PROBLEM REQUIREMENTS: Output, exactly as written, the lines below starting at the line containing "男子騎車未打方向燈遭警攔查 身上飄K毒異味當場毒篩陽性送辦" and ending at the line containing "蒜蓉粉丝蒸虾的做法步骤：2". Drop the pictures and keep both end lines.

GIVEN DATA:
--------
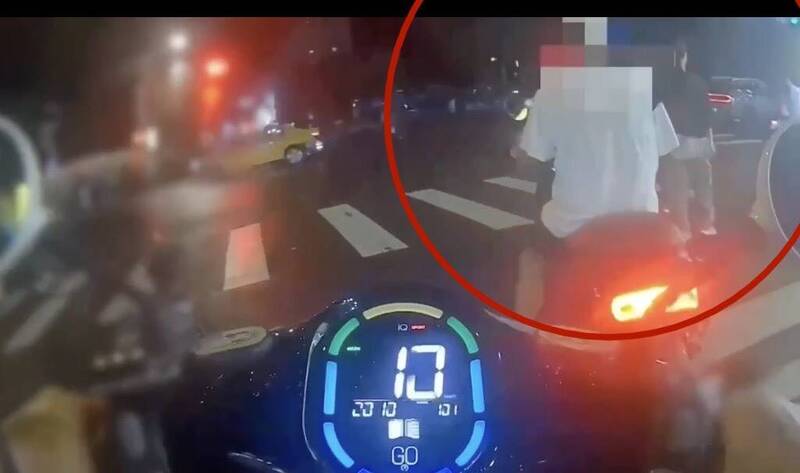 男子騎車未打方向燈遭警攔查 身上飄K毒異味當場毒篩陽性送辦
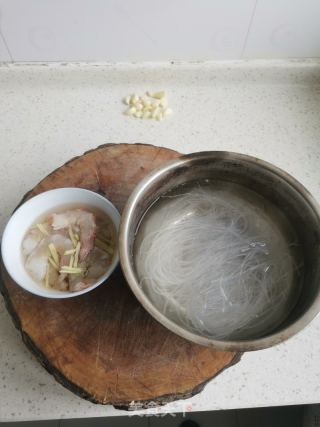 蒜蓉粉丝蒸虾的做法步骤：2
--------
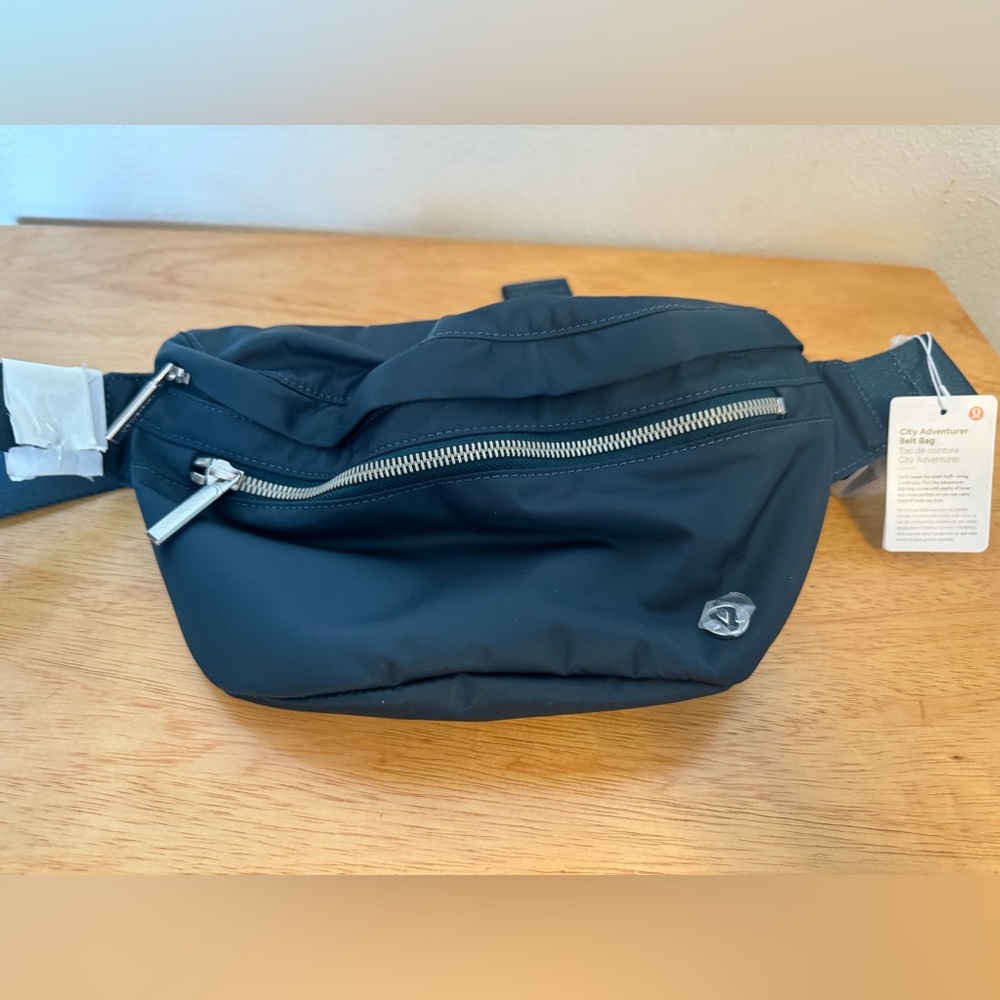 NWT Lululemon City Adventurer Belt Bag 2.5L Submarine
--------
RESULT BELOW:
 男子騎車未打方向燈遭警攔查 身上飄K毒異味當場毒篩陽性送辦
 蒜蓉粉丝蒸虾的做法步骤：2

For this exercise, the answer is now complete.